**Excerpted records:**
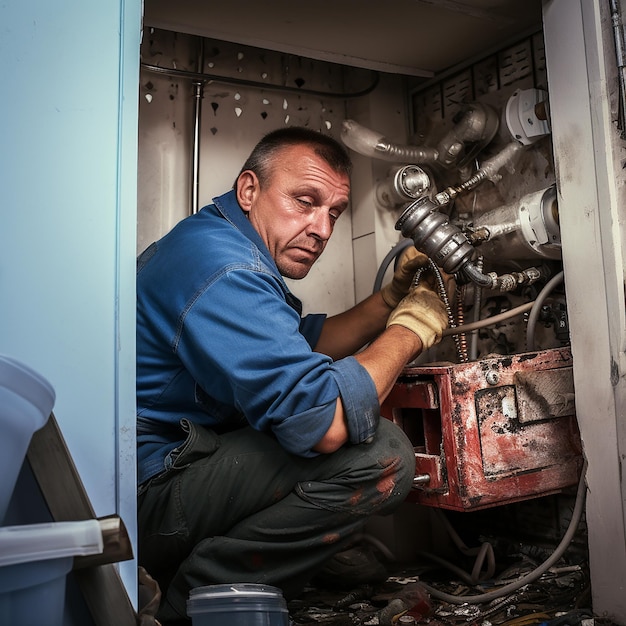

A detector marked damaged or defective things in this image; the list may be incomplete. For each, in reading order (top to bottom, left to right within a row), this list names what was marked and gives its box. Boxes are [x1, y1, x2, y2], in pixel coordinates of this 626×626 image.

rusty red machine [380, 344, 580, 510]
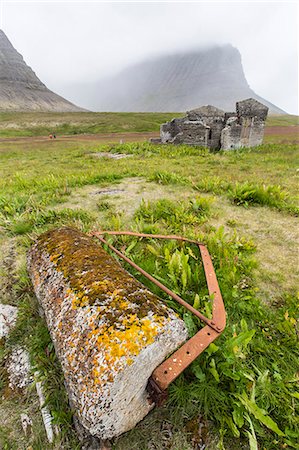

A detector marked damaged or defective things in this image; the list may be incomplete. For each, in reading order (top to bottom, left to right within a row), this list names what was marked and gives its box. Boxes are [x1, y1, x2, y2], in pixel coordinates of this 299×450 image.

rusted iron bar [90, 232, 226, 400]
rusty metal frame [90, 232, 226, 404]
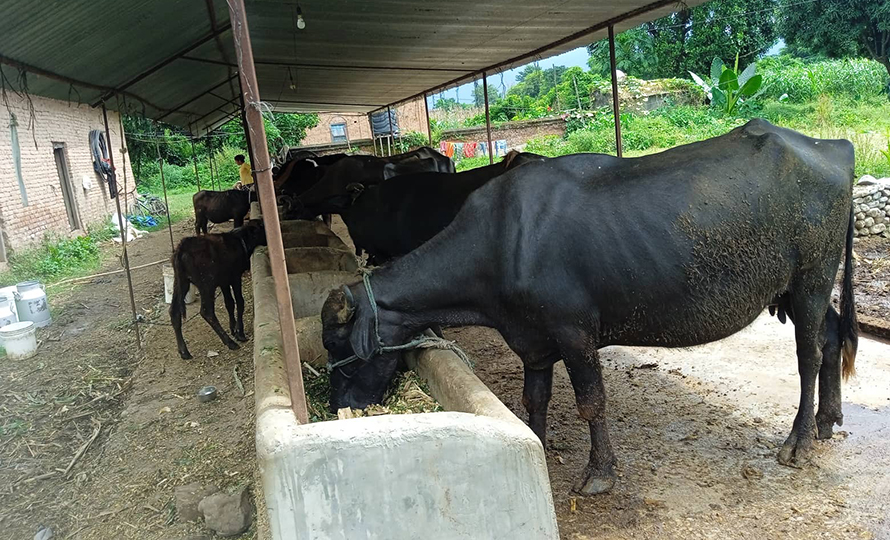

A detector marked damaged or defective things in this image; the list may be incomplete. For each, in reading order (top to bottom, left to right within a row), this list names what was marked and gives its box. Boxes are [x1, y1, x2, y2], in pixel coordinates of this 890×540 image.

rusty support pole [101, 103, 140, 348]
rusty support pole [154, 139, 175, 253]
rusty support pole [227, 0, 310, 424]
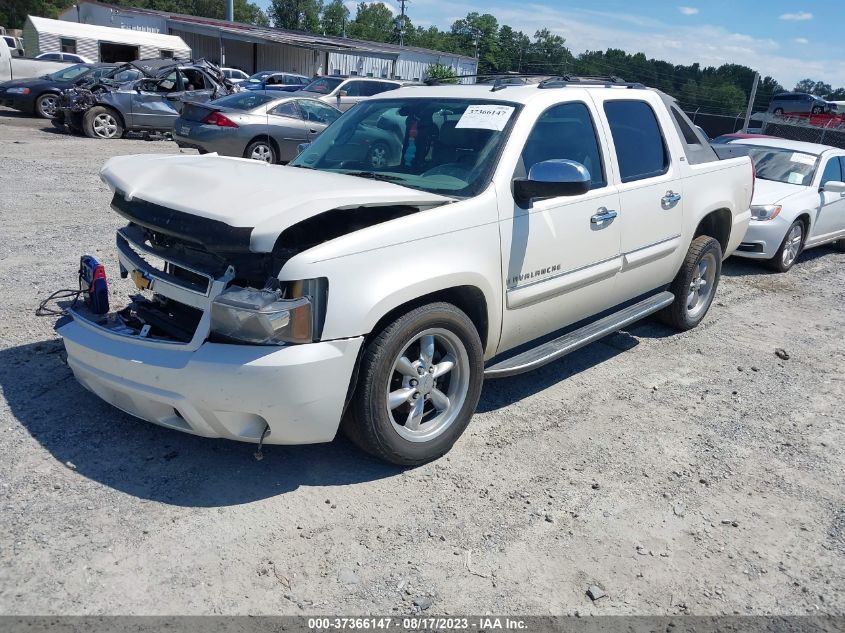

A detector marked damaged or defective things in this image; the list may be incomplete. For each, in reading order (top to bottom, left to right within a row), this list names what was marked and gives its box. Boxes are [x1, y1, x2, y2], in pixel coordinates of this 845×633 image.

**Exercise requirements:** The copy must match every line of the data exactly and contain no pictures.

**Task output:**
A detector marked damaged or defective things in this image; the list may be incomplete. For each, in reading order (top to bottom, left to right within a row), this list names what was marked and gives its box. Boxes are [x1, y1, x2, y2], in pixel coordinates of this 626×626 image.

rusty red machine [380, 344, 580, 510]

A detector marked damaged or defective things in this image; the list may be incomplete. For each, in reading order (top to bottom, left to right within a row), this list names what was marked and gives its box. Boxes are [x1, y1, x2, y2], in pixel coordinates of this 299×450 image.

rusted iron bar [90, 232, 226, 400]
rusty metal frame [90, 232, 226, 404]

A detector marked damaged or defective things in this image; the list may be incomplete. For each, in reading order (top to bottom, left to right within a row), this list names what was marked and gives its box. Boxes are [x1, y1, x2, y2], in pixel coordinates of this 890×540 image.

rusty support pole [101, 103, 140, 348]
rusty support pole [154, 139, 175, 253]
rusty support pole [227, 0, 310, 424]

A detector marked damaged or defective things in this image; the list may be incomplete. For each, in reading order (top to bottom, left to right within a row), this list names what was marked and gives its box. Boxes are [x1, y1, x2, y2], in pixel coordinates of this 845×633 image.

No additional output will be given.